* EXERCISE AIM: Reproduce only the lines of the material below that start at the line containing "Managing Acne Breakouts: Tips" and stop at the line containing "Invitrogen GLT-1 Polyclonal". Keep both end lines.

■ ■ ■ ■ ■ ■ ■

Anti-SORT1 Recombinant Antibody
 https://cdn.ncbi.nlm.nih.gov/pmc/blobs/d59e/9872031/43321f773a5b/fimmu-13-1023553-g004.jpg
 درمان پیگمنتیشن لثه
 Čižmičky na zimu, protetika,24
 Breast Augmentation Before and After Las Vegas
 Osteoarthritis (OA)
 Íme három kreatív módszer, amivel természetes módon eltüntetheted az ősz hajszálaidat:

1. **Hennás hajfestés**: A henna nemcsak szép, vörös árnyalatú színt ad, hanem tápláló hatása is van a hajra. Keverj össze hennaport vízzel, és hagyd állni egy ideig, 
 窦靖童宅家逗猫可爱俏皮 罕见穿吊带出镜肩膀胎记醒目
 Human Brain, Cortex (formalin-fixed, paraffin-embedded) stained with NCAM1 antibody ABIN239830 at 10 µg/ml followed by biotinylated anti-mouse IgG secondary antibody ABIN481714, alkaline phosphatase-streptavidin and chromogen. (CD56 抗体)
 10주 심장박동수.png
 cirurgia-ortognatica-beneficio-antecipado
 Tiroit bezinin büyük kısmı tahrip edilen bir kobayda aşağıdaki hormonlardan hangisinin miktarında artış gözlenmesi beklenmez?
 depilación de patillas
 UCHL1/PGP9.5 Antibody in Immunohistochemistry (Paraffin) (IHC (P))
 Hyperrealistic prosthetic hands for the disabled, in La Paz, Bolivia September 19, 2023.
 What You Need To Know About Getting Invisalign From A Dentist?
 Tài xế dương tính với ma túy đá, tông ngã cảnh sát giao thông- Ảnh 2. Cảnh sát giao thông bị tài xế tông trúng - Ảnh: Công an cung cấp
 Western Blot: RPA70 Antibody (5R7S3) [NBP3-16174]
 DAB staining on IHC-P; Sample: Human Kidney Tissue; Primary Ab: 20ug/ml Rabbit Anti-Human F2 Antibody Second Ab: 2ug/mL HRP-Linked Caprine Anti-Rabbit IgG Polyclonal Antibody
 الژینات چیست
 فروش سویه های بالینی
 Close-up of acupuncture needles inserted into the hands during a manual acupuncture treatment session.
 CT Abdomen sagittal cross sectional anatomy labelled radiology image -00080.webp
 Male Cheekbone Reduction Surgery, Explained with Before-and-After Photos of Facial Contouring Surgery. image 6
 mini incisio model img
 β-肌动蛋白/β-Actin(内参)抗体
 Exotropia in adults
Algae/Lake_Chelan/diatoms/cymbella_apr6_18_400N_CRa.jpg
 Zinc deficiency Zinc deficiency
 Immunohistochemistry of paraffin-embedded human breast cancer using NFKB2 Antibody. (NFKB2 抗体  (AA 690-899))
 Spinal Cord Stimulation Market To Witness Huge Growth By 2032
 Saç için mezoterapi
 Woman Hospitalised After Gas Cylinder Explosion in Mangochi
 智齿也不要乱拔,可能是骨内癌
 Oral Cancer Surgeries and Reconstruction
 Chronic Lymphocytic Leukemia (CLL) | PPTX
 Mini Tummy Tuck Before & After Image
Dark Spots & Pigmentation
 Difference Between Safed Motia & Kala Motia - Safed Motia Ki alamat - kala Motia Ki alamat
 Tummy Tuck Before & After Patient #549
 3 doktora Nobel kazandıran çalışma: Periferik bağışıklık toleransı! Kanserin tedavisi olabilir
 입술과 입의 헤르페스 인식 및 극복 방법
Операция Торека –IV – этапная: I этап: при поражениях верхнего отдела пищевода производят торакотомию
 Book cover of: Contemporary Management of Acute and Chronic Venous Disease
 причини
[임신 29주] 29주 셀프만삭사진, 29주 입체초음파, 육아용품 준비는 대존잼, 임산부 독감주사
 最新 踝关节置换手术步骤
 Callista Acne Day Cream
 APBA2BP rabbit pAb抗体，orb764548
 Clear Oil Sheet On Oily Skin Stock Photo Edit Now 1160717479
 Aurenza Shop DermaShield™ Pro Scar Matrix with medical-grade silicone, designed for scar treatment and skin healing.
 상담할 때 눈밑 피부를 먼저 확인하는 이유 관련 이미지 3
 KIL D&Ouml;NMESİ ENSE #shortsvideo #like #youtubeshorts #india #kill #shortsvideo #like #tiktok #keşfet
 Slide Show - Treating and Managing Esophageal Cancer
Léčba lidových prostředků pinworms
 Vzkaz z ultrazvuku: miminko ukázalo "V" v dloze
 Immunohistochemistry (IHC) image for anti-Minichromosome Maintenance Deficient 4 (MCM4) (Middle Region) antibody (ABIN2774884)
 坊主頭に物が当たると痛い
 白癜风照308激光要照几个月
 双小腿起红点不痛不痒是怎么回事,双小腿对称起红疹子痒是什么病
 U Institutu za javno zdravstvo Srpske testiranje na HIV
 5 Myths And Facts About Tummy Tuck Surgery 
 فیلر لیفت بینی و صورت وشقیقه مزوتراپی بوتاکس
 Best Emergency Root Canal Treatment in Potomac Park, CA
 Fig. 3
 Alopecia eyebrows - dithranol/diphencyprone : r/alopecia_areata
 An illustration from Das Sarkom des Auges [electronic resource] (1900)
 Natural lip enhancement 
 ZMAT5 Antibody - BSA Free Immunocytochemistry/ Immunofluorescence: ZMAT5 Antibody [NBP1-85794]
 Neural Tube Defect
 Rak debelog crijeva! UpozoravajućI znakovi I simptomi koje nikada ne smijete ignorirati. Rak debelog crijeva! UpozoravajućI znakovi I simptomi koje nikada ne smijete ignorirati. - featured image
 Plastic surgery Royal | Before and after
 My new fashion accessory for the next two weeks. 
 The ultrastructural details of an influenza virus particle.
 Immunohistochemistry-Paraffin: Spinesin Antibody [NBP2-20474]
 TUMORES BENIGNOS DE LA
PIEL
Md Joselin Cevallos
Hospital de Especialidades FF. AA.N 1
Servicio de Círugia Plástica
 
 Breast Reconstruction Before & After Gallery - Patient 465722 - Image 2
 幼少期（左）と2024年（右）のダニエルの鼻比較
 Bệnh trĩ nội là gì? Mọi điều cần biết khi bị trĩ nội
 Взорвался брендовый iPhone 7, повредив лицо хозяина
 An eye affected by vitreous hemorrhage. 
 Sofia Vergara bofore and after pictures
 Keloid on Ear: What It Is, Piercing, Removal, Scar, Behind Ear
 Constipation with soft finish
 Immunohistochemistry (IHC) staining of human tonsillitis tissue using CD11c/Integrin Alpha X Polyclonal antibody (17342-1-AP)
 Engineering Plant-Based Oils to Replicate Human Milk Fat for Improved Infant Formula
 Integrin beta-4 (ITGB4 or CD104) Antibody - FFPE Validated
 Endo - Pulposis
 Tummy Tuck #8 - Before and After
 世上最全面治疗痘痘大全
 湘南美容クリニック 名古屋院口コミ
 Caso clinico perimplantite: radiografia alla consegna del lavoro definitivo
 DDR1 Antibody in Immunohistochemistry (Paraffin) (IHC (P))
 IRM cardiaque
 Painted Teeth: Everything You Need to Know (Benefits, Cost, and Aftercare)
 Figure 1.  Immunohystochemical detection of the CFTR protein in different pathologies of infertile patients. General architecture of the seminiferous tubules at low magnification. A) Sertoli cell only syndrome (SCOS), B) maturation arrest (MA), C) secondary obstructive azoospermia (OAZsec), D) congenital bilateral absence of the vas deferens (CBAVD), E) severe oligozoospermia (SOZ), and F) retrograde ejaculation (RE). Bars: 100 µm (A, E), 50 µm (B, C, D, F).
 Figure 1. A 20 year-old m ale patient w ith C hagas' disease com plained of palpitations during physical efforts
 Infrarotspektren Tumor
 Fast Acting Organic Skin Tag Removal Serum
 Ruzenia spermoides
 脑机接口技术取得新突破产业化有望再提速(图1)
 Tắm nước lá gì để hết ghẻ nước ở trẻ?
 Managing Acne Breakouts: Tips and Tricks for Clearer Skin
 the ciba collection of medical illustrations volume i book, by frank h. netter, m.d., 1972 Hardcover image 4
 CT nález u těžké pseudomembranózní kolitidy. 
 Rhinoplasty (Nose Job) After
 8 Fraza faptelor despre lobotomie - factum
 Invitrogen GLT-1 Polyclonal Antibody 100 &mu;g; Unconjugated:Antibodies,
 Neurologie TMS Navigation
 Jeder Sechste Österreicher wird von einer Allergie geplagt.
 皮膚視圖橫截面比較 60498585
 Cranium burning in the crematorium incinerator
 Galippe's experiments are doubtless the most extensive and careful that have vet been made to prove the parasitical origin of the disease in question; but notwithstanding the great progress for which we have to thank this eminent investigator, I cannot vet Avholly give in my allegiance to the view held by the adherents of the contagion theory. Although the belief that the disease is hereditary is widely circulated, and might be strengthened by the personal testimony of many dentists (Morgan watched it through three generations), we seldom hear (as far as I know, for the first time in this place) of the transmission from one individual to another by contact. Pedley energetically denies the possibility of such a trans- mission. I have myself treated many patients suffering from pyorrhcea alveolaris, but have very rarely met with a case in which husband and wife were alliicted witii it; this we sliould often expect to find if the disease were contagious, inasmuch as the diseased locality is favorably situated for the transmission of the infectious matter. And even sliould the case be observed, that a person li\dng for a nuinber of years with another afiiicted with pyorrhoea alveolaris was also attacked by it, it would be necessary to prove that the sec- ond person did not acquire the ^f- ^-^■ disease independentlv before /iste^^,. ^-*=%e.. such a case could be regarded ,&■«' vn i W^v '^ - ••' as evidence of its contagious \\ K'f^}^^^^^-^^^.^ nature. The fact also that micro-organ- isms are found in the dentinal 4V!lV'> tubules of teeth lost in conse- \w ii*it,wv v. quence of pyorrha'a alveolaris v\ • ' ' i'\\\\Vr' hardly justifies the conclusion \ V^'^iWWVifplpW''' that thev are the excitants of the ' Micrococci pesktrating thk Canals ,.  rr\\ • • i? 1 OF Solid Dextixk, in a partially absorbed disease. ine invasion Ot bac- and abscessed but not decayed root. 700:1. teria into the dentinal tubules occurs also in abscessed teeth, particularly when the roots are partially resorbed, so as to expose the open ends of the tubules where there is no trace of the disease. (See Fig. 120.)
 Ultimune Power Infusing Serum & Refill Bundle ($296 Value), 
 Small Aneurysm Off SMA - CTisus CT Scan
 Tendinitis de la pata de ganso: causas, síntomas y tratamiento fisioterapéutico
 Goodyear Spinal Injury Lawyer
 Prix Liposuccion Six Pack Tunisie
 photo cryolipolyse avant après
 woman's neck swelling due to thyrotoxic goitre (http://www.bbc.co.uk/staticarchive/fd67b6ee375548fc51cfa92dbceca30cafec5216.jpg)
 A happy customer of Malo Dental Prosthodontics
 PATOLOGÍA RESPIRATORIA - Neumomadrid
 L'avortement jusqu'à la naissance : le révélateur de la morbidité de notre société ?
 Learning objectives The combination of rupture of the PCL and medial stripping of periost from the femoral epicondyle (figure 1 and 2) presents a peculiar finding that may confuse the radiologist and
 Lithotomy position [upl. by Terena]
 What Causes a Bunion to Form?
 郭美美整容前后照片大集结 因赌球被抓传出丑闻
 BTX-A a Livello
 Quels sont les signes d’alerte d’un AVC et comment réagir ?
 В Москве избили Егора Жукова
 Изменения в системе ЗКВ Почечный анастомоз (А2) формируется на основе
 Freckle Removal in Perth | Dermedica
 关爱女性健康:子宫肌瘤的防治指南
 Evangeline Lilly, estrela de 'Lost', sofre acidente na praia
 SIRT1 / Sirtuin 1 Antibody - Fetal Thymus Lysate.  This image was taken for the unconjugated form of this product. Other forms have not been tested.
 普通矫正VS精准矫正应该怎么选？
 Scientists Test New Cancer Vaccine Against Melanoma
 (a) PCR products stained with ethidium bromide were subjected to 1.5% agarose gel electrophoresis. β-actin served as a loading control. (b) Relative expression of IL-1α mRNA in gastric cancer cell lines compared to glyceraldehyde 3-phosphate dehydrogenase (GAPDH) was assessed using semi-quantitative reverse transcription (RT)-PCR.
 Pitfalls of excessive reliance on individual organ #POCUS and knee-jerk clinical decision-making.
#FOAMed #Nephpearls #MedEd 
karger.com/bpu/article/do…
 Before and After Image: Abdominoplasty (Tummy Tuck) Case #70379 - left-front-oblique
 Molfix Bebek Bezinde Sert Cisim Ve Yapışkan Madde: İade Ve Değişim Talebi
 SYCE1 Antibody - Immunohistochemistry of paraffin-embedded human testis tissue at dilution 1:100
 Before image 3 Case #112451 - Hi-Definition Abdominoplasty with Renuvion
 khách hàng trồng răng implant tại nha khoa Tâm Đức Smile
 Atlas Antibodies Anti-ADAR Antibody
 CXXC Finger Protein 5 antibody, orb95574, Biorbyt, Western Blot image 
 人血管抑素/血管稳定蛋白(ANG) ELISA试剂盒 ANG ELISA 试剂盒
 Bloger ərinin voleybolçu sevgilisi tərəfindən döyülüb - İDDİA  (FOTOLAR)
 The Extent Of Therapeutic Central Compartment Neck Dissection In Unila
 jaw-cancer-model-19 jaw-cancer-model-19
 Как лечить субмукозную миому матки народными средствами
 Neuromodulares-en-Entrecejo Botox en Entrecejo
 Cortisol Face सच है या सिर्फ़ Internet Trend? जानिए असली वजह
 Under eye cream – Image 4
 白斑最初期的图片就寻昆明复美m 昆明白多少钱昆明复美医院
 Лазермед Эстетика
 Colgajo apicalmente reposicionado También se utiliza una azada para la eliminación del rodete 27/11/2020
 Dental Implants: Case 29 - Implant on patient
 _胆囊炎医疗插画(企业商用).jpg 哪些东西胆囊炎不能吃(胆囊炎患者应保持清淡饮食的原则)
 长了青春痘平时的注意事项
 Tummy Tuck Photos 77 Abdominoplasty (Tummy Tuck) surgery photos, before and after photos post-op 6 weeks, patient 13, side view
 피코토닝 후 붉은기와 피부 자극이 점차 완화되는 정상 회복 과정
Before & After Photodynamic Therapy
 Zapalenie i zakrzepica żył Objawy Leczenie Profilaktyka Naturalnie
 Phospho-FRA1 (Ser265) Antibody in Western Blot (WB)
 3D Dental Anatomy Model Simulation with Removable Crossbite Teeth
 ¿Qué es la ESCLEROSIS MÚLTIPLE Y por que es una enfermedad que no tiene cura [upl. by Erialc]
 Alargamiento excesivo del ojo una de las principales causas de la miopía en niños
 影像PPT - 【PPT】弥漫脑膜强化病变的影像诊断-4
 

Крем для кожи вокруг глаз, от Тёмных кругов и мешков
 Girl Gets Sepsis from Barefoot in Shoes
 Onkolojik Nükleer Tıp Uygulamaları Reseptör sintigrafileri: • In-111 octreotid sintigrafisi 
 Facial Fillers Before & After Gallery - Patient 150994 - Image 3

■ ■ ■ ■ ■ ■ ■

* SOLUTION TO THE EXERCISE:
 Managing Acne Breakouts: Tips and Tricks for Clearer Skin
 the ciba collection of medical illustrations volume i book, by frank h. netter, m.d., 1972 Hardcover image 4
 CT nález u těžké pseudomembranózní kolitidy. 
 Rhinoplasty (Nose Job) After
 8 Fraza faptelor despre lobotomie - factum
 Invitrogen GLT-1 Polyclonal Antibody 100 &mu;g; Unconjugated:Antibodies,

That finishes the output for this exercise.